As a teacher and high school principal for 18 years, Mike De Massimo, Wittenberg University class of 1999, would make his family’s homemade lasagna for his students and staff around the holidays.
“I was born and raised in Cleveland and come from a large Italian American family,” De Massimo says. His mother used to run an Italian restaurant in Shaker Heights, Ohio, and his sister is also in the industry. “Food is our love language.”
De Massimo’s annual tradition of celebrating his students and fellow educators with a homemade Italian dish has since become a successful entrepreneurial venture, De Massimo’s Authentic Sauces and Imports, located in Columbus, Ohio.
“What started out as a tribute to my family, and most notably, my grandmothers, slowly became a small business,” he says.
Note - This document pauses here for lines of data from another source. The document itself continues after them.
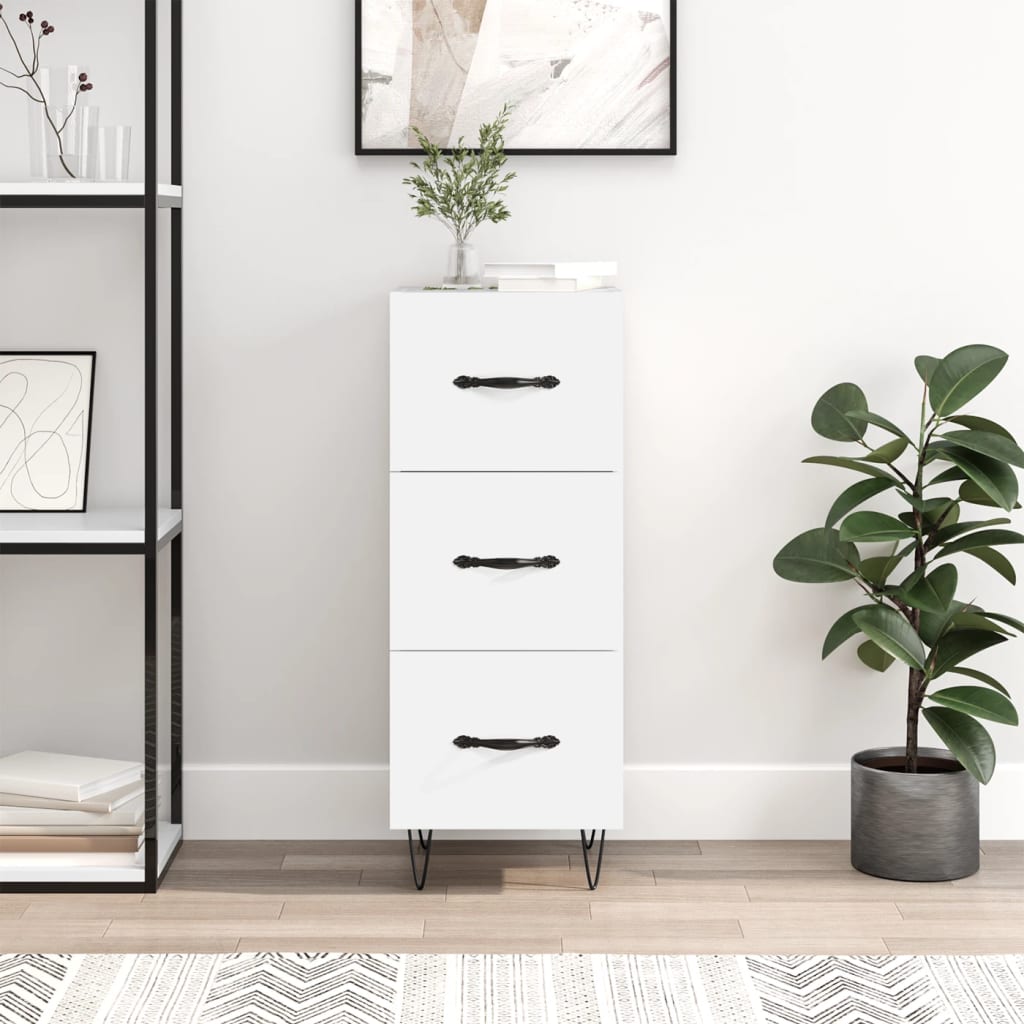Berkfield Sideboard White 34.5x34x90 cm Engineered Wood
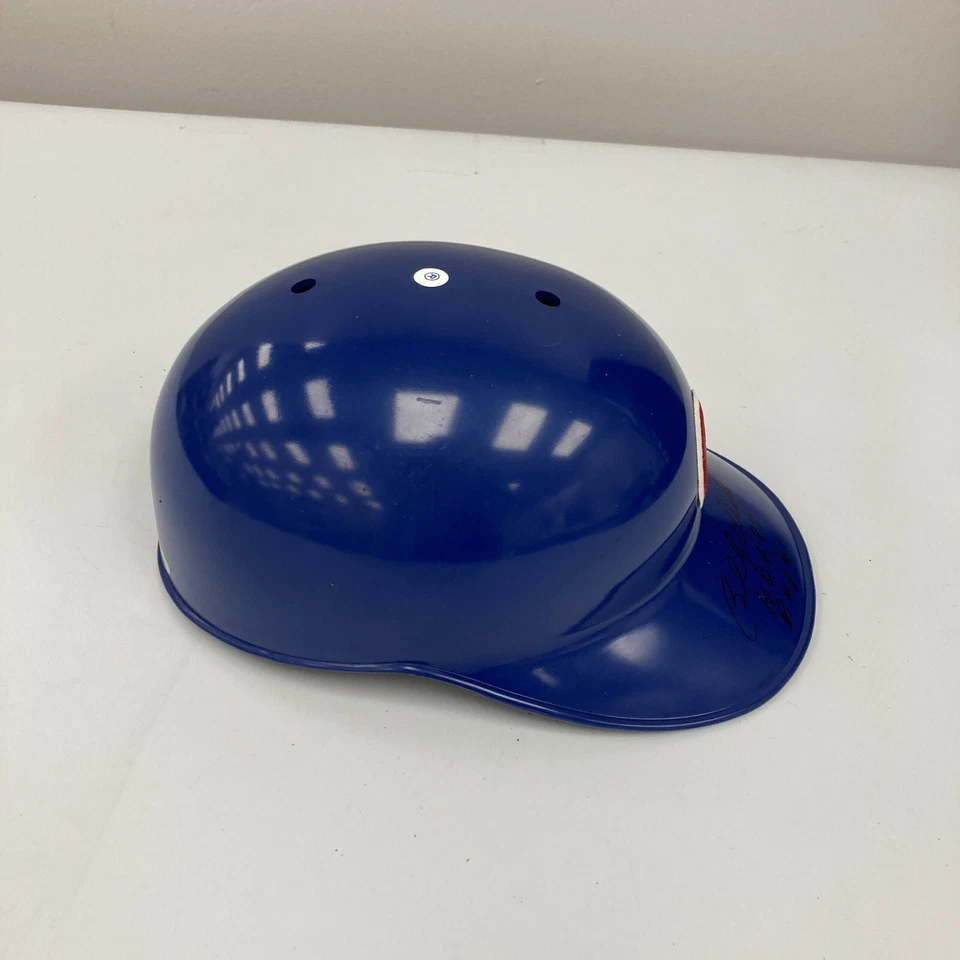 Capacete modelo jogo Tristar Billy Williams HOF 1987 ROY 1961 assinado Chicago Cubs - Imagem 4 de 4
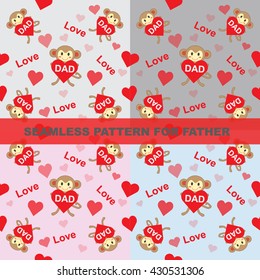 abstract seamless pattern colorful for father, vector illustration design, art background and texture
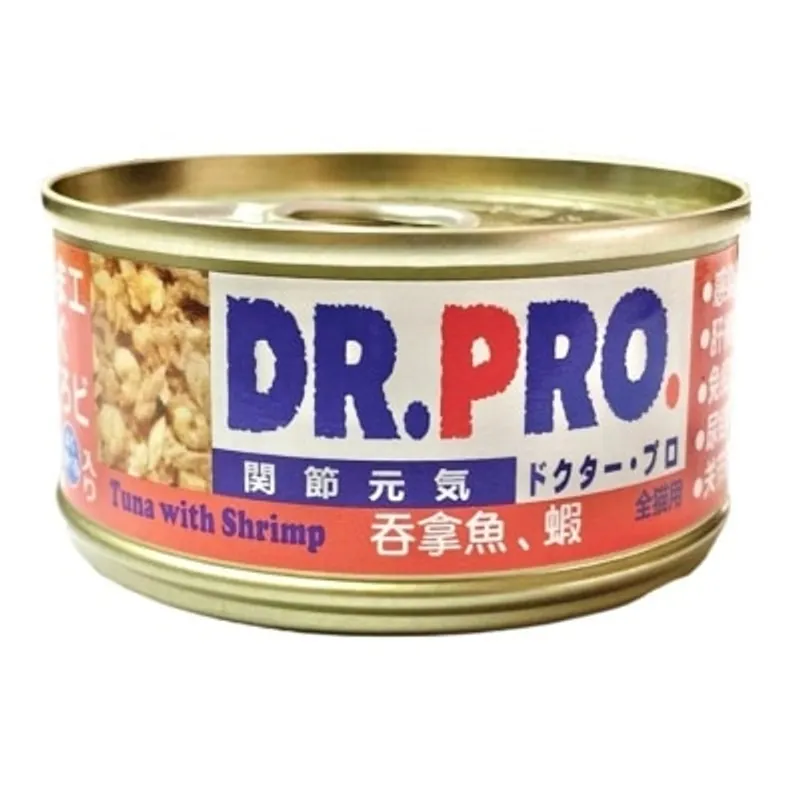 DR. PRO 愛寵醫生 吞拿魚配蝦 (關節元氣) 貓罐頭 (80g) 05105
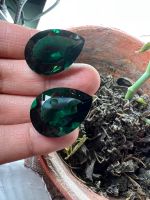 Green Amethyst Pear 15x22mm weight 9 cts Green อเมทิสต์ แล็บ AMETHYST LAB CULTURE 49 กะรัต ( 1 เม็ด) เกรดอย่าง ดี 13x18 MM.( มิลลิเมตร)Quartz Green Tourmaline 15x22mm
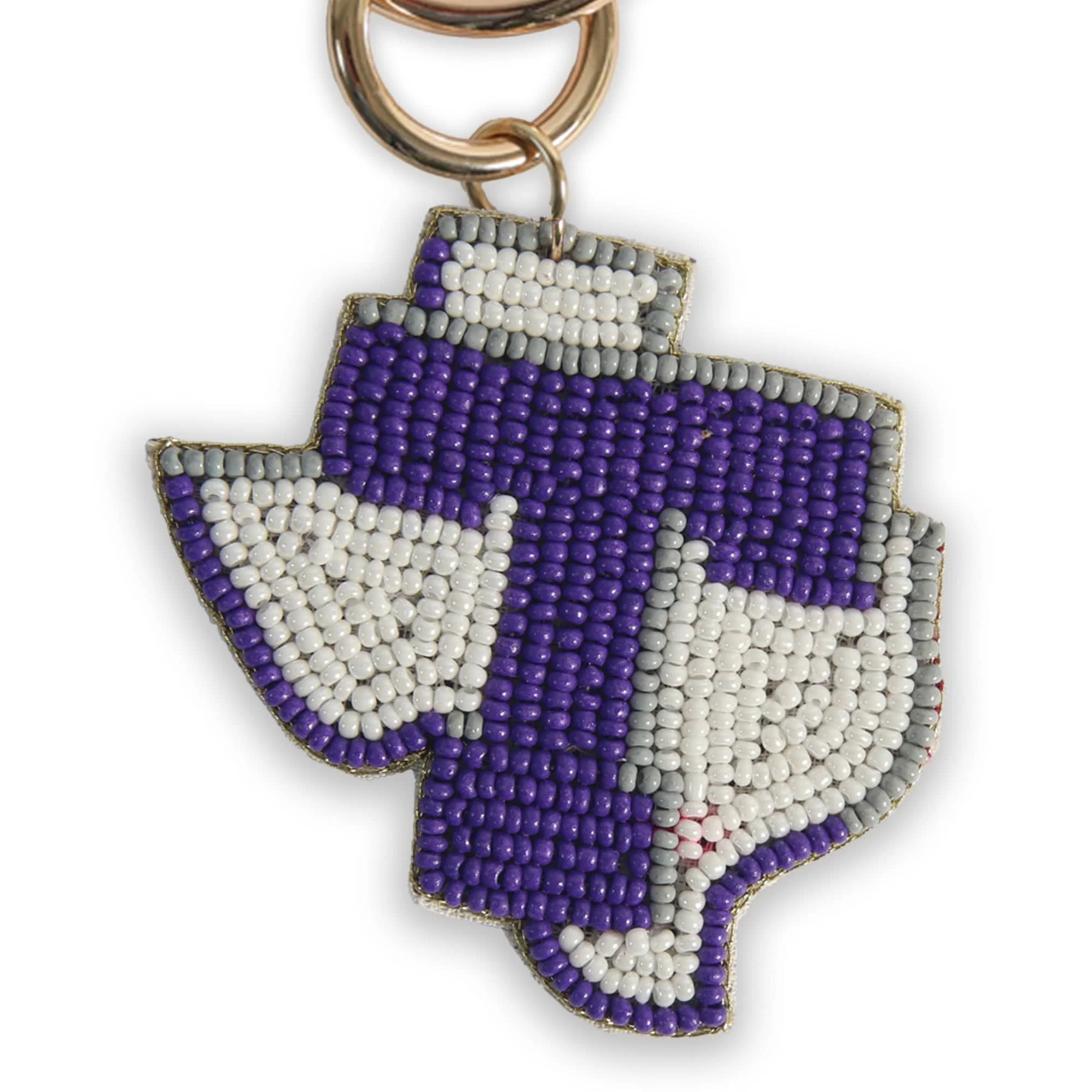 Beaded Purse Charm – Tarleton State Texans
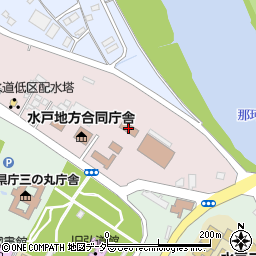 関東財務局水戸財務事務所周辺の地図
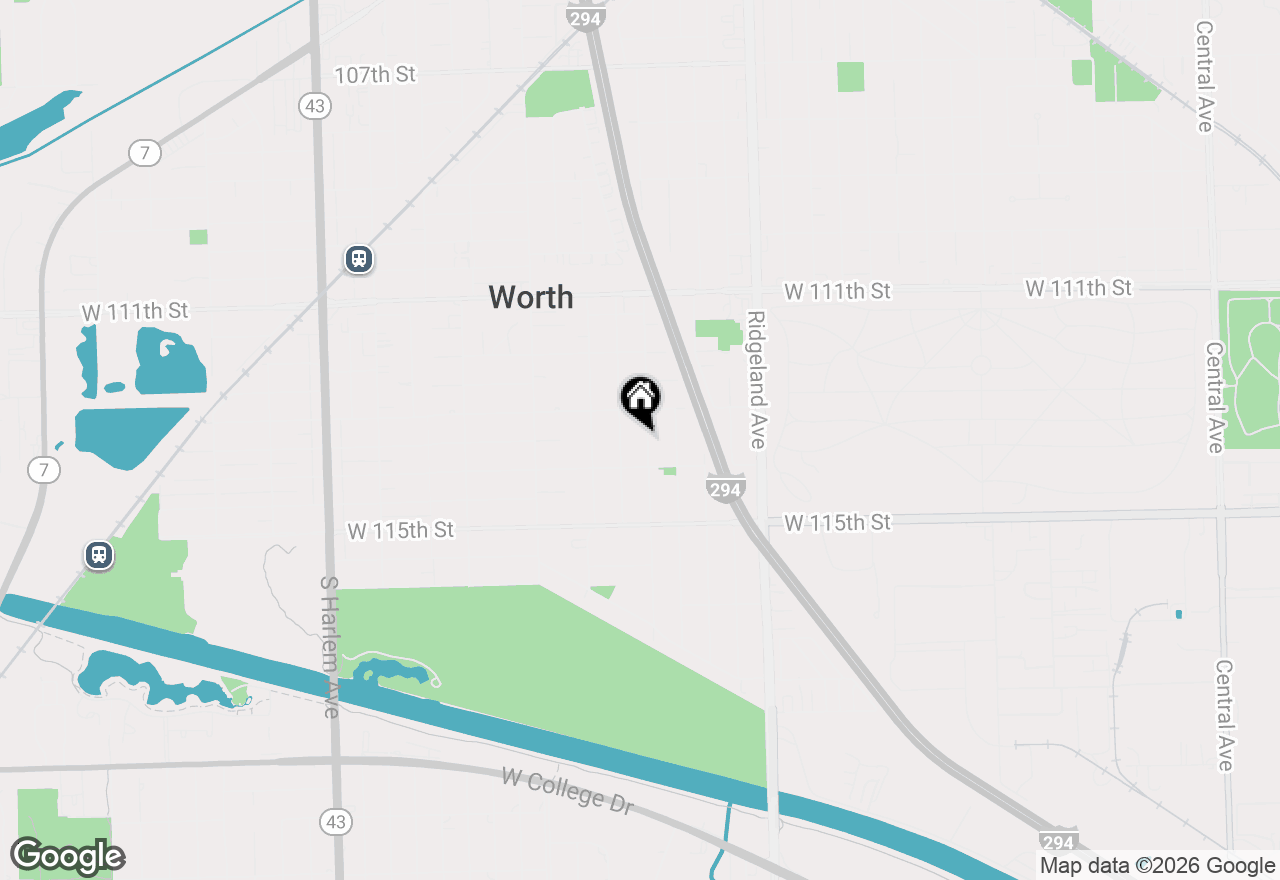 Map of 11326 S Nashville Avenue, Worth, IL 60482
After his last living grandmother passed away, De Massimo wanted “to do something to honor her and [the] family who came before” him. Making pasta sauce from traditional family recipes passed down through the generations seemed a natural fit.
As a high school principal, he had partnered with adult occupational placements to help employ students with disabilities once they left the high school setting. When it came time to produce larger batches of sauce, he used a local commercial kitchen that works with adults with developmental disabilities and began selling the sauce at local farmers markets.
“The following year, I asked students in our business and entrepreneur classes if they wanted to run their own farmers markets,” De Massimo says. “Needless to say, a small business was created.”
The business has since grown and expanded, with De Massimo’s Authentic Sauces now being produced in a larger facility and sold at Meijer, Kroger, Giant Eagle, Fresh Thyme, Food City, Heinen’s, and many independent grocery stores in Ohio, the Midwest, and the South. Seven years ago, De Massimo left his job in education and now dedicates his time to building the family business. He credits wife, Bethany Schlater ’04, with providing the support needed to make the leap to full-time entrepreneurship.
As the business grew, the village of San Giovanni in Galdo, Molise, Italy – the hometown of his maternal grandmother – noticed their likeness on the company’s packaging and invited the De Massimos to visit.
“We were welcomed with open arms, given the key to the village in a ceremony, they awarded me with honorary citizen status, had a festival in our honor, and basically rolled out the red carpet,” De Massimo says. “We got to see where my grandparents were born and raised, and live with our family in our ancestral roots.”
They have continued to visit the village, bringing more family members along, and now are importing olive oil produced in the Molise region.
At the same time, the De Massimo family in Abruzzo, Italy, home of the paternal side of the family, also invited them to visit.
“It was during one of our visits that we were presented with our family tree that was able to be traced back to 1683,” De Massimo said. “Our sauces that we sell to consumers are based on the sauces my family has created for centuries. We utilize the word ‘authentic’ in our brand identity. We take this word seriously because not only are our sauces authentically influenced by our roots, our creation story is authentic and can be attached to our past. We are proud of that.”
In addition to supporting the small producers in Molise, De Massimo’s strives to support the local Columbus community as well, donating products to the Hilliard Food Pantry and time to St. Aloysius Community Outreach to feed the hungry.
De Massimo recognizes that his path to business owner is a bit unusual. An English major with a minor in secondary education, he didn’t take a single business class at Wittenberg.
“I can without a doubt say the education I received was top notch in many ways,” he explains. “I got to experience some of the most intelligent, student-centered, and challenging professors around. Some of them even became dear friends and mentors. The Wittenberg community is contagiously positive and supportive as well.”
A four-year member of the Tiger baseball team, he worked as an assistant coach for the team from 2000-2003 before starting his career in education. He believes that “being a part of a team with individuals who worked hard for a common goal, stretched their abilities, and challenged each other” all contributed to his confidence to later make the jump from school administrator to entrepreneur.
“My business path has not been the most traditional, but what I learned and gained at Wittenberg definitely made an impact,” De Massimo said. “Students should not be afraid to chase and capture their dreams.”